Nel suo intervento di chiusura, il presidente nazionale di Confindustria, Carlo Bonomi, ha esordito partendo dai costi energetici aumentati quest’anno dal 4,5 al 10% del Pil con un balzo da 8 a 110 miliardi di euro. «Avevamo lanciato l’allarme un anno fa, prima della guerra in Ucraina, ma nessuno ci ha ascoltato. Sarebbe meglio ascoltare non solo gli accademici, ma anche le imprese. Si tratta di una vera e propria arma di guerra asimmetrica, ma l’Europa sull’energia non c’è stata.

«L’Olanda e soprattutto la Germania – ha proseguito – hanno posto un veto su misure condivise, con interventi della seconda fino a 200 miliardi che rendono asimmetrica la competitività delle imprese all’interno del mercato unico». In compenso, «le nostre imprese si sono distinte per la crescita patrimoniale, sfuggita ai più, dopo la crisi di 10 anni fa e per la grande capacità di variare, sostituendo la Cina, rispetto a cui siamo più bravi, più veloci e più flessibili. L’Italia è andata meglio di altri Paesi europei anche perché il nostro export è più sbilanciato sugli Usa che sulla Cina».

«Servono più risorse dallo Stato»

«Nessuno sa che cosa succederà l’anno prossimo, ma sicuramente ci sarà un forte rallentamento dell’economia e degli investimenti. Sarà necessario trovare risorse aggiuntive per salvaguardare la manifattura italiana e non mettere a rischio migliaia di imprese, anche strutturalmente forti, e centinaia di migliaia di posti di lavoro e di redditi familiari. Senza industria non c’è Italia. Abbiamo a disposizione i fondi del Pnrr, ma siccome il Paese non è in grado di progettare e mettere in pratica in meno di 15,7 anni mediamente, si sono tirati fuori dal cassetto tutte opere pensate prima della crisi energetica e che non si sarebbero potute realizzare. I 170 miliardi del Pnrr devono consentire al governo di rivedere la spesa pubblica del 4-5%, più di 1.000 miliardi all’anno: se non lo facessimo noi imprese, ci manderemmo a casa da soli. Oggi non possiamo realizzare le promesse fatte dai partiti in campagna elettorale: le poche risorse che abbiamo, le dobbiamo dedicare a salvaguardare la manifattura e i suoi occupati.

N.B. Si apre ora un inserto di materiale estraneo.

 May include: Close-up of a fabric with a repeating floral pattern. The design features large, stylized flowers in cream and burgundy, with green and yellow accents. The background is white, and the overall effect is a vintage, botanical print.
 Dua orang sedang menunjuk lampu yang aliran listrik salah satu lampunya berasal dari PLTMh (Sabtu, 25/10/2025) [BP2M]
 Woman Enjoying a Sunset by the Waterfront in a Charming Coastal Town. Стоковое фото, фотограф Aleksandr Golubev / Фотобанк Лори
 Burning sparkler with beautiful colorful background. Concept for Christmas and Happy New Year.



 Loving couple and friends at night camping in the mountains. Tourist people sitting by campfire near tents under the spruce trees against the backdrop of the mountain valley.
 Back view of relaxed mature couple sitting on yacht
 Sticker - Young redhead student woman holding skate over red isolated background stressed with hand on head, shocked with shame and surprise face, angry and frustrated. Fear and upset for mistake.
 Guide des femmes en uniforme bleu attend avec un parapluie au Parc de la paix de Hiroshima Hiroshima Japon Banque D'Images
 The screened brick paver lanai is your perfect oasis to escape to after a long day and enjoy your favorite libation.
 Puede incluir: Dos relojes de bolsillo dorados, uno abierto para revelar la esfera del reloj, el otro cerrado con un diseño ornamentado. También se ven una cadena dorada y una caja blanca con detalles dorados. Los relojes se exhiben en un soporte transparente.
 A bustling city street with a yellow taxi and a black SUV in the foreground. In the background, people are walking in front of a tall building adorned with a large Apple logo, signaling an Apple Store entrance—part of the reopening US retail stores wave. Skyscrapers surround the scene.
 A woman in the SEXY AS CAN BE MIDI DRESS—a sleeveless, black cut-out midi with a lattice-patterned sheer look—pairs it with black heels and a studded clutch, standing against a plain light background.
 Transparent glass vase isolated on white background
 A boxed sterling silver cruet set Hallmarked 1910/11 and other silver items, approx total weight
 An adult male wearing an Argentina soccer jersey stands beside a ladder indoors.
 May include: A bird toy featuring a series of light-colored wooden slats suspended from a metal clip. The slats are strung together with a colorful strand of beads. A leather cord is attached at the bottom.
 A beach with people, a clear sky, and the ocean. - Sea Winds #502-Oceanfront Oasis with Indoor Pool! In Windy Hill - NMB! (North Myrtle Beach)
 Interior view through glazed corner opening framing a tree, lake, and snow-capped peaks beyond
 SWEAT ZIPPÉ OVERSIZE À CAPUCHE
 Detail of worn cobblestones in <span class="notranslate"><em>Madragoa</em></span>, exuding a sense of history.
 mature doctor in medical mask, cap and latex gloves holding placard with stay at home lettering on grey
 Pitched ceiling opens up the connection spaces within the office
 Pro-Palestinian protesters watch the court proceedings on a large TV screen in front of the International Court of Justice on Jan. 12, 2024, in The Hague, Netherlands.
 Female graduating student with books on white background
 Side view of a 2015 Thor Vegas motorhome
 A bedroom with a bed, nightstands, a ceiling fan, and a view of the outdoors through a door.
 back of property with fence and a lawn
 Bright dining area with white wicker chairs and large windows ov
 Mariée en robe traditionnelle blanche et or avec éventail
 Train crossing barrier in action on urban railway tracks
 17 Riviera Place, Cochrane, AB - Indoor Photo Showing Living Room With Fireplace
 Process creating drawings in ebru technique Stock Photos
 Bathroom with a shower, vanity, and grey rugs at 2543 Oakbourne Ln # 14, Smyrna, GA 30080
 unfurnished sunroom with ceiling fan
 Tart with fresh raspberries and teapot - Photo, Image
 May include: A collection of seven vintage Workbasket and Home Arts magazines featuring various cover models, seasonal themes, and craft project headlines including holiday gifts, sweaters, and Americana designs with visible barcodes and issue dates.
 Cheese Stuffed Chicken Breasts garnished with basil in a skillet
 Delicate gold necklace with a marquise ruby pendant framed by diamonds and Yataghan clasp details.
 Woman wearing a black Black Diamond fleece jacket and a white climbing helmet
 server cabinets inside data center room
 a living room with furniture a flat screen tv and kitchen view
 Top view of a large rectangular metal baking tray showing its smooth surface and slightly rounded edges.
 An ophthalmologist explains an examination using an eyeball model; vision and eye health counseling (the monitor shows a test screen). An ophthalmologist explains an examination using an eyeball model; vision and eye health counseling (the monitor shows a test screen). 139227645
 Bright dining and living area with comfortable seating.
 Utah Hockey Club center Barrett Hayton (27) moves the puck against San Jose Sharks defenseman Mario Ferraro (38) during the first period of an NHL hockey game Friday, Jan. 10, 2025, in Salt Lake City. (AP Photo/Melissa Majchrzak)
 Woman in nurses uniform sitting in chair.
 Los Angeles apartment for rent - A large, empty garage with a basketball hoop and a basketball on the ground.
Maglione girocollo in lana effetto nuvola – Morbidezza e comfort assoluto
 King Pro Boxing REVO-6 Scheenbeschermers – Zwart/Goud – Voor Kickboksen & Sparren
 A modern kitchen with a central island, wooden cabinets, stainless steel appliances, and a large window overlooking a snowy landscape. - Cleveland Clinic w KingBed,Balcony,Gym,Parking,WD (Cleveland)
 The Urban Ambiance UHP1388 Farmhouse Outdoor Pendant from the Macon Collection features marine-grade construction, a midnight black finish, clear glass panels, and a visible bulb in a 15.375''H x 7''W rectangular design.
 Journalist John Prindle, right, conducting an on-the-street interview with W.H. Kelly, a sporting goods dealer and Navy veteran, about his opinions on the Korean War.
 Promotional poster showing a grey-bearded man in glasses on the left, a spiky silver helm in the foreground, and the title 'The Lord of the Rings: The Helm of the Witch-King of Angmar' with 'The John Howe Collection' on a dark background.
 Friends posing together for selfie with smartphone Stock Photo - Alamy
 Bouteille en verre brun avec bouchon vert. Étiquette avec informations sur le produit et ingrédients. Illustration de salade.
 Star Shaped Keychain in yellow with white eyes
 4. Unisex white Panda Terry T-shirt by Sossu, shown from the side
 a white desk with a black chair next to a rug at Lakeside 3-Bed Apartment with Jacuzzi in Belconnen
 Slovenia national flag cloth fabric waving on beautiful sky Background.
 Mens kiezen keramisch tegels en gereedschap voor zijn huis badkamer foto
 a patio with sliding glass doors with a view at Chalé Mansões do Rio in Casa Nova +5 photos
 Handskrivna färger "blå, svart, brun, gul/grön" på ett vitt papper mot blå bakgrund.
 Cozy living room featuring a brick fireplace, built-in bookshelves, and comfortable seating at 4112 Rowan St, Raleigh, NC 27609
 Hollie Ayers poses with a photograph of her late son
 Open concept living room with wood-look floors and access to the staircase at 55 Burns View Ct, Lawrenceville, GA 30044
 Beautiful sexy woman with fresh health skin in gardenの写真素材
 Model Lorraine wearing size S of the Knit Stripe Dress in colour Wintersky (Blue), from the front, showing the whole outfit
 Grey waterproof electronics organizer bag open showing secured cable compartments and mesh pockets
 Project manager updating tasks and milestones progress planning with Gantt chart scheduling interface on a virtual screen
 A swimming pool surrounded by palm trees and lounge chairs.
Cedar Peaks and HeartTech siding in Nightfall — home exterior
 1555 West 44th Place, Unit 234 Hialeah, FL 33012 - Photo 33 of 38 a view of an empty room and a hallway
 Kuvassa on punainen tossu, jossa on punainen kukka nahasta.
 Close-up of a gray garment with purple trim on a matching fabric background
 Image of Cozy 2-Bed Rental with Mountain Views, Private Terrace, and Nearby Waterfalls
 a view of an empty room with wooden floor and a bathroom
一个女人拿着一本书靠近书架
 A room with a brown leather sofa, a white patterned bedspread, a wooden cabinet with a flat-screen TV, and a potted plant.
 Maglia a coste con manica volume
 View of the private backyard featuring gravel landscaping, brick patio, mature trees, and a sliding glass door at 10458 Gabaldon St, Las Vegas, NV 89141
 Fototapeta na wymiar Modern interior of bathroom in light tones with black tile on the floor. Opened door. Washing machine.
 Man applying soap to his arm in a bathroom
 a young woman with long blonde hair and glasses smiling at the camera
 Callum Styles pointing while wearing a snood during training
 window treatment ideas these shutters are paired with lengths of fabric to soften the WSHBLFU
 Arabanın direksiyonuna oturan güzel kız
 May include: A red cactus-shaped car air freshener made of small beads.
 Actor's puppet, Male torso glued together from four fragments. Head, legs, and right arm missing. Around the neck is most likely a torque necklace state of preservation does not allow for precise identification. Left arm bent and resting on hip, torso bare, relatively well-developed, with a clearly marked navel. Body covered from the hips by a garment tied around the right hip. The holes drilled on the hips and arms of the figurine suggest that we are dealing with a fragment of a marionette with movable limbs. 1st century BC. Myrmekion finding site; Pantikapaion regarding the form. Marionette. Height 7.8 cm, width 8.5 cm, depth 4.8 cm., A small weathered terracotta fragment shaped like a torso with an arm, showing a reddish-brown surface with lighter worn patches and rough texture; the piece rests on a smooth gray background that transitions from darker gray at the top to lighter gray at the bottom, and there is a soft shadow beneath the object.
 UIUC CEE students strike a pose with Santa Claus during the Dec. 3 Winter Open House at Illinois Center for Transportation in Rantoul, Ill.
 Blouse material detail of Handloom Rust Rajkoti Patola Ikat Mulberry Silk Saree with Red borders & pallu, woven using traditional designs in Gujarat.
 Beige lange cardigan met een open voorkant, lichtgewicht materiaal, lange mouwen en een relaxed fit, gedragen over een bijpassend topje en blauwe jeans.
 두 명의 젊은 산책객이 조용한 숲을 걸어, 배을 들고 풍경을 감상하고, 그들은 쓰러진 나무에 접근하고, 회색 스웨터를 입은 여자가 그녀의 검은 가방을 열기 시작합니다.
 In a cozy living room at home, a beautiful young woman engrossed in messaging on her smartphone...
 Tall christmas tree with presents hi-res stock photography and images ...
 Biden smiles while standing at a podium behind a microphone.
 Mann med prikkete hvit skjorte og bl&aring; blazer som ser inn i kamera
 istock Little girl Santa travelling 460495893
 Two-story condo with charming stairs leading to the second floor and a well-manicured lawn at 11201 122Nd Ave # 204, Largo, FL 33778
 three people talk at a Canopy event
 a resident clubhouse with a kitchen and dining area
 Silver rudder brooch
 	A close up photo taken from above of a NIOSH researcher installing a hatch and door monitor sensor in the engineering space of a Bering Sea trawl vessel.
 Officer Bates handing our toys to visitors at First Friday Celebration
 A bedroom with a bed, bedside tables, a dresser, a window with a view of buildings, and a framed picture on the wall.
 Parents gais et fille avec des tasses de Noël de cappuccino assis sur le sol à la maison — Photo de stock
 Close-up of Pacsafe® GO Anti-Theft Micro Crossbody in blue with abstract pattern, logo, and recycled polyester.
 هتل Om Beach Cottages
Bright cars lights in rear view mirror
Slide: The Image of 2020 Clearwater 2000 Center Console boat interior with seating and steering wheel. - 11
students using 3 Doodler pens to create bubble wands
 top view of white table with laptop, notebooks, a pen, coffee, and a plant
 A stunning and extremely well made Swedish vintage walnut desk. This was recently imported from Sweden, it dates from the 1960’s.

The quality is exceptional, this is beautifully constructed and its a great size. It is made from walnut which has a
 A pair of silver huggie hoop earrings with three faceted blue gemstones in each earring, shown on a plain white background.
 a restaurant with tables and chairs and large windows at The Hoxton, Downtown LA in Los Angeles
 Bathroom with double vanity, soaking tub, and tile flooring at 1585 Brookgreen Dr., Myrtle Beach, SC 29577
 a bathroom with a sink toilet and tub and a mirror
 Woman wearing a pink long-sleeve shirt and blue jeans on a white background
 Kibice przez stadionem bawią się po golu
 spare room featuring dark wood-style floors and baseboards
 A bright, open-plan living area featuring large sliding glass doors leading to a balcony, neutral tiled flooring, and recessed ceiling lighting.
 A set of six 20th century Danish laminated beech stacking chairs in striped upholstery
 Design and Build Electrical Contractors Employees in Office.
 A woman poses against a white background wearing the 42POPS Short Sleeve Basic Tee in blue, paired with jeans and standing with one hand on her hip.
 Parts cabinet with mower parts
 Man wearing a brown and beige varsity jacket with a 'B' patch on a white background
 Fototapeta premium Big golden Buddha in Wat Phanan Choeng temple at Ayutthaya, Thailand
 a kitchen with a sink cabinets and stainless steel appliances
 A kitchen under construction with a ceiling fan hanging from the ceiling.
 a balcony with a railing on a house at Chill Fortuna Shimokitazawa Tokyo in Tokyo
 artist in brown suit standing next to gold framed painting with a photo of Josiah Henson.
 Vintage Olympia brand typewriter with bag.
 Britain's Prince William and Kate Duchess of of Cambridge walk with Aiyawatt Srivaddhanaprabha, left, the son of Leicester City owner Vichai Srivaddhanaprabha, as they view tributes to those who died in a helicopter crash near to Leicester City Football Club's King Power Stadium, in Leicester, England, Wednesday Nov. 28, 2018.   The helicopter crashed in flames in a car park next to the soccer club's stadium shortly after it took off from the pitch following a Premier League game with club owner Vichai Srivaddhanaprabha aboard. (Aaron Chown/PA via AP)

«Il grande successo politico di Draghi al consiglio europeo di pochi giorni fa è arrivato grazie alla sua valenza personale. È un patrimonio che mi auguro i partiti non disperdano. L’unica strada da percorrere è lo sforamento del debito pubblico. Non stiamo abbandonando il percorso virtuoso fatto negli ultimi due anni da Draghi che ha ridotto l’extradebito del 10% del Pil: quello che è successo in Inghilterra spiega molto bene che cosa dobbiamo e non dobbiamo fare. Ma l’Europa – ha concluso Bonomi – non sta facendo l’Europa come noi ci aspettiamo».